*YOUR OBJECTIVE*
In your copy, leave out the pictures; write out all the data exactly.

THE DATA Block Start

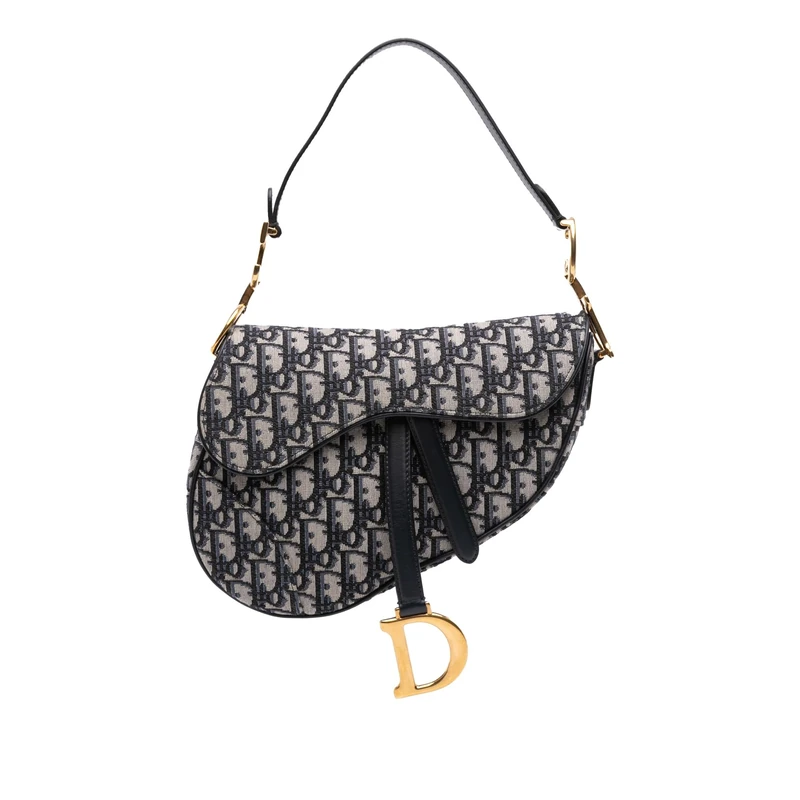 Dior Pre-Loved Oblique Canvas Saddle Handbag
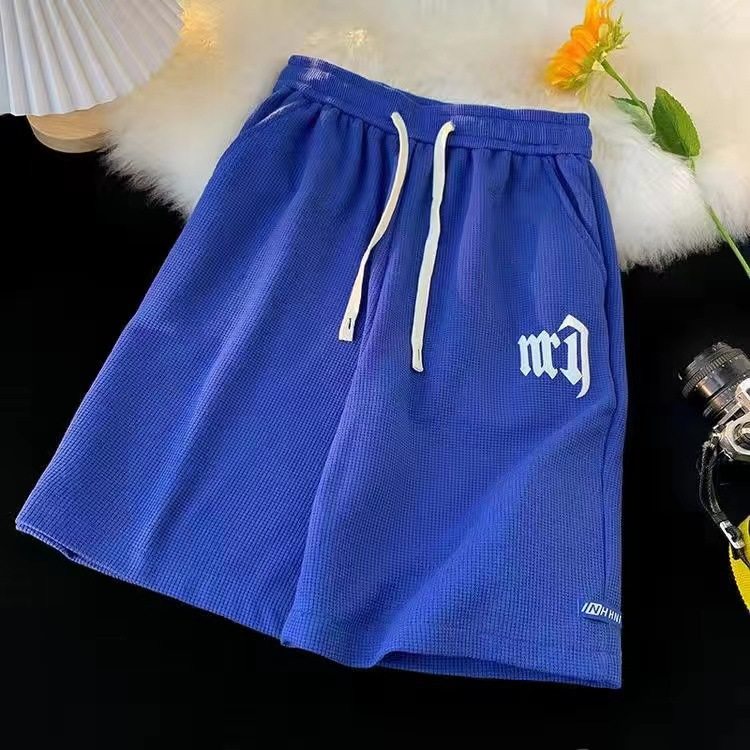 跨境华夫格休闲套装男夏季冰丝短袖t恤男装一套搭配运动衣服批发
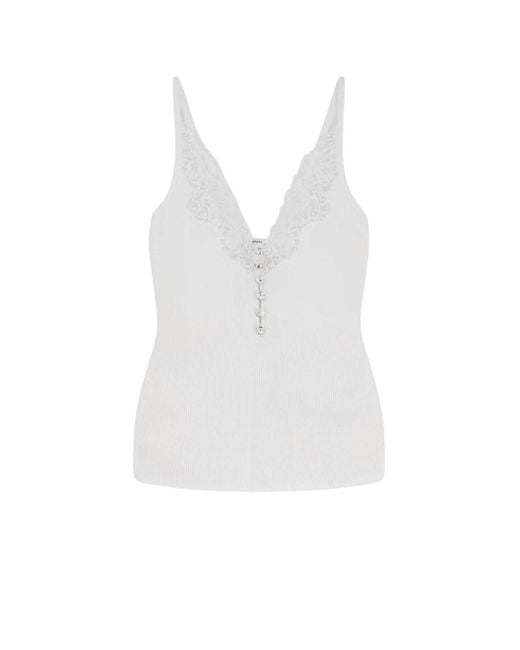 Self-Portrait White Viscose Top With Lace Inserts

THE DATA Block End

*OUTPUT OF THE TASK*
 Dior Pre-Loved Oblique Canvas Saddle Handbag
 跨境华夫格休闲套装男夏季冰丝短袖t恤男装一套搭配运动衣服批发
 Self-Portrait White Viscose Top With Lace Inserts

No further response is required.